La mostra “Bacco e Arianna di Guido Reni. Singolari vicende e nuove proposte”, esposta alla Pinacoteca Nazionale di Bologna fino al 15 novembre prossimo, ricostruisce l’affascinante e complicata storia del famoso dipinto perduto “Bacco e Arianna” di Guido Reni (1575 – 1642), aggiungendo nuovi tasselli, intriganti particolari e interessanti prospettive di confronto.
Dopo ben quattro secoli dall’esecuzione, torna per la prima volta in Italia, in quest’occasione, il dipinto “Bacco e Arianna nell’Isola di Nasso”, dalla collezione privata Montevideo dell’Uruguay, che Andrea Emiliani, uno tra i maggiori studiosi di Guido Reni, dopo anni di ricerche ha attribuito a Giovanni Battista Bolognini (1611 – 1688), miglior allievo e collaboratore degli ultimi anni di attività del Reni. Questo quadro, pressoché coevo alla versione commissionata da Papa Urbano VIII per Enrichetta Maria di Borbone, dovette essere realizzato tra il 1640-1642 circa nella bottega di Reni.

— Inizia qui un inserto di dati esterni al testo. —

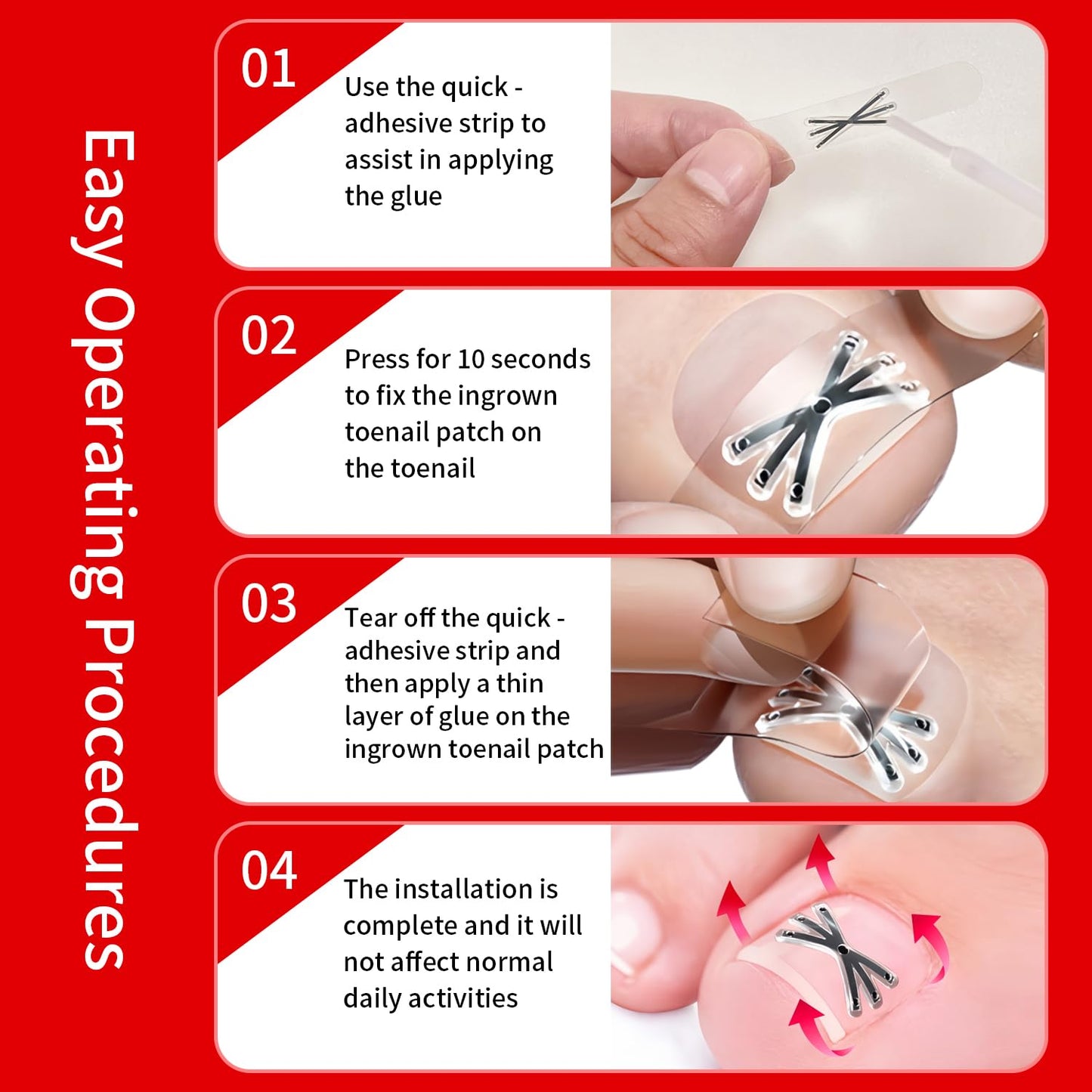 Side profile of a premium titanium nail corrector strip demonstrating the flexible metal curve before application.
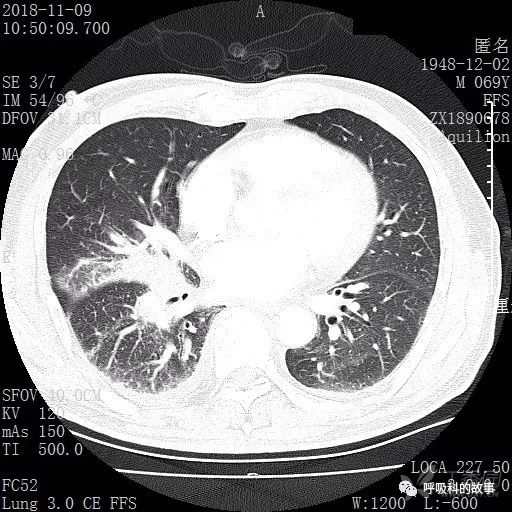 怎么应用统计学做调查,统计学方法可以解决的主要问题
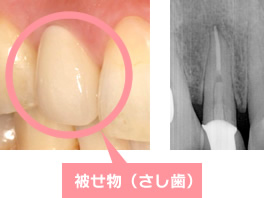 被せ物(さし歯)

L’articolata storia delle “Nozze di Bacco e Arianna”, eseguita da Guido Reni per la Corona d’Inghilterra, è ben nota agli studi della storia dell’arte.
La complessa vicenda ha inizio nel 1637, con la commissione di Papa Urbano VIII e del cardinale nipote Francesco Barberini a Guido Reni delle “Nozze di Bacco e Arianna”, ambiziosa opera di imponenti dimensioni, da recapitare alla cattolica Enrichetta Maria di Borbone, moglie del Re d’Inghilterra Carlo I Stuart. La composizione doveva ritrarre il mito antico delle vicende di Arianna che, perduto Teseo sulla spiaggia deserta di Nasso, assiste al sopraggiungere di Bacco, introdotto da Venere e accompagnato dal consueto corteo.
Dopo varie vicissitudini e data la grande notorietà che la rappresentazione di Bacco e Arianna aveva all’epoca, il papato e l’alta nobiltà scelgono di commissionare sempre al Reni dei prototipi del noto dipinto, su scala sia ridotta sia reale. Da qui, infatti, provengono la prestigiosa replica riferita a Guido Reni, Antonio Giarola e Giovanni Andrea Sirani dell’Accademia di San Luca di Roma eseguita per il cardinale Giulio Sacchetti, così come la copia delle Gallerie Barberini e Corsini di Roma, esposte nella suddetta mostra.
Ed è qui che si colloca anche il dipinto attribuito al Bolognini: il grande impiego del prezioso blu di lapislazzuli, a definire la dominante cromatica del dipinto del Bolognini come in quello del Reni, ribadisce che l’artista abbia probabilmente lavorato sotto l’accurata guida del maestro.
Il catalogo della mostra è edito da NFC Edizioni con l’introduzione di Mario Scalini, la prefazione di Elena Rossoni, i testi di Andrea Emiliani, Sergio Guarino e Claudio Seccaroni, Daniele Benati, Raffaella Morselli, e i testi scientifici di Stefano Volpin, Davide Bussolari e Cornelia Prassler.